Multi-million dollar grant to research vaccines and disease

26 July 2018
image of Dr Helen Petousis–Harris
Dr Helen Petousis–Harris image of Dr Helen Petousis–Harris

For decades vaccines have saved millions of people from diseases that once ravaged society. But how much more can we learn about them and how can we improve the vaccines we have now?

The University of Auckland is about to invest a multi-million dollar grant into the field so vaccinologist Dr Helen Petousis–Harris can study those very questions.

Dr Petousis-Harris has been awarded a five-year Dean’s Fellowship by the Faculty of Medical and Health Sciences to research some of our most infectious diseases and the vaccines that help prevent them.

Dr Petousis-Harris is a vaccinologist on the Faculty’s School of Population Health and a Senior Lecturer in the Department of General Practice and Primary Health Care. She is also the Director of Research at the Immunisation Advisory Centre and is world-renowned for her 20-years of work in immunisation-related research in New Zealand including clinical, social science, epidemiological and health systems. Her main research areas are vaccine safety and vaccine effectiveness.

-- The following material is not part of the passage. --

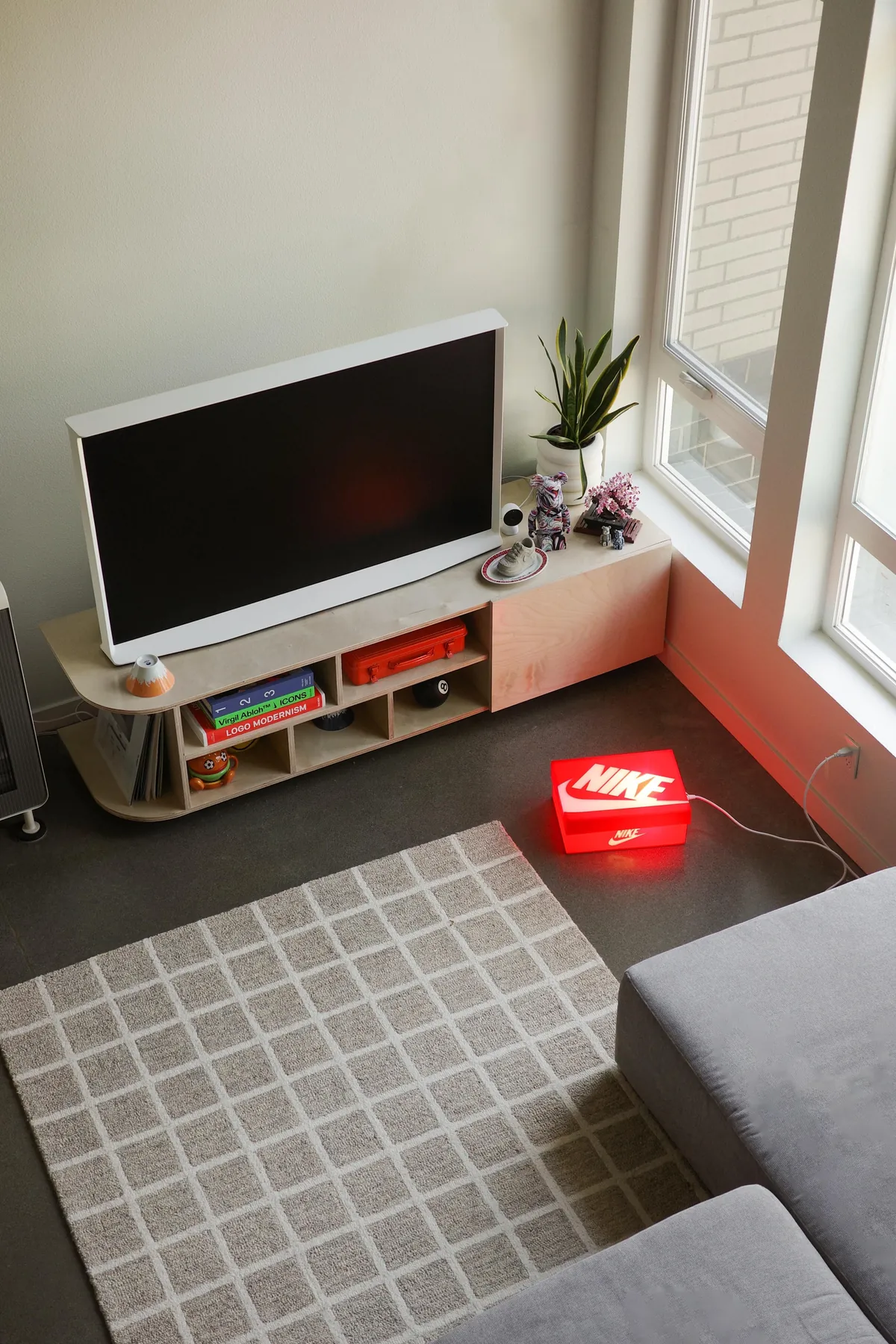 I Made a Sneaker Box Lamp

She calls it her passion, drawn from an extensive background in biological sciences followed by practical experience in population health.

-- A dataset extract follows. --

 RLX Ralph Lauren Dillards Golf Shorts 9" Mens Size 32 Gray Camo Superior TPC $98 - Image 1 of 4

“I have developed a passion for the science of vaccines and vaccination. After early work on the social aspects of vaccination I learned that two of the key challenges to good immunisation policy and high public confidence in vaccine programmes centred on the perceived effectiveness and safety of vaccines, coupled with the art of communication,” she says.

She plans to use the five-year grant to build on a series of studies into vaccines. One will involve exploring how the NZ meningococcal B vaccine MeNZB was able to protect against gonorrhoea, now a super bug infection.

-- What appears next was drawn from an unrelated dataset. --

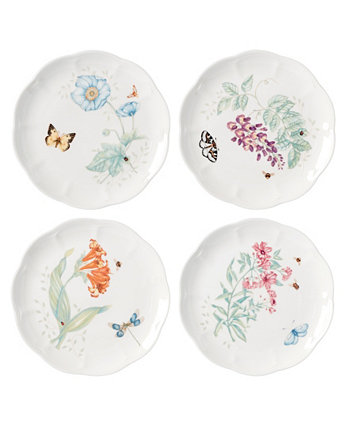 Набор акцентных тарелок Butterfly Meadow из 4 предметов Lenox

Another involves investigating how we can better use whooping cough vaccines to protect our most vulnerable members of the population, our youngest infants.

Other work will address New Zealand-specific questions that arise around the use of vaccines.

“Epidemiology can both answer and raise questions about vaccine effect and safety,” she says.

“To be awarded this grant is a huge honour and I look forward to being able to develop this work.”  

Faculty Dean, Professor John Fraser, says the faculty received a large number of applications that had to be shortlisted to five by a panel of senior academics representing the faculty’s major research areas.

“Those five were interviewed and the panel’s final decision was based on the overall “impressive” factor of each of the applicants and how applicants were able to excite and convince the panel about the importance of their proposed research and career plans.

“The panel were unanimous in their support of Dr Petousis-Harris as given her past success we know she will become a genuinely productive and independent research academic over the five-year period on the funding. I wish her all the best in what I know will be a challenging but exciting five-years.”

Dr Petousis-Harris’ academic record so far makes impressive reading. Some of the main highlights include how in 2015-16 she led a study to evaluate the effectiveness of the MeNZB vaccine against gonorrhoea, a disease that has evaded efforts to find an effective vaccine for over a century. The findings were published in The Lancet in 2017 where it earned the Editor’s Choice and invited commentary, including a PodCast. The paper has been described as seminal, receiving wide recognition by the international media.

Her activities in vaccine safety include being a member of the 14-member WHO Global Advisory Committee on Vaccine Safety (GACVS), convening twice a year in Geneva. In 2018 she was elected to the 10-member International Brighton Collaboration Science Board. The Collaboration aims to enhance the science of vaccine research.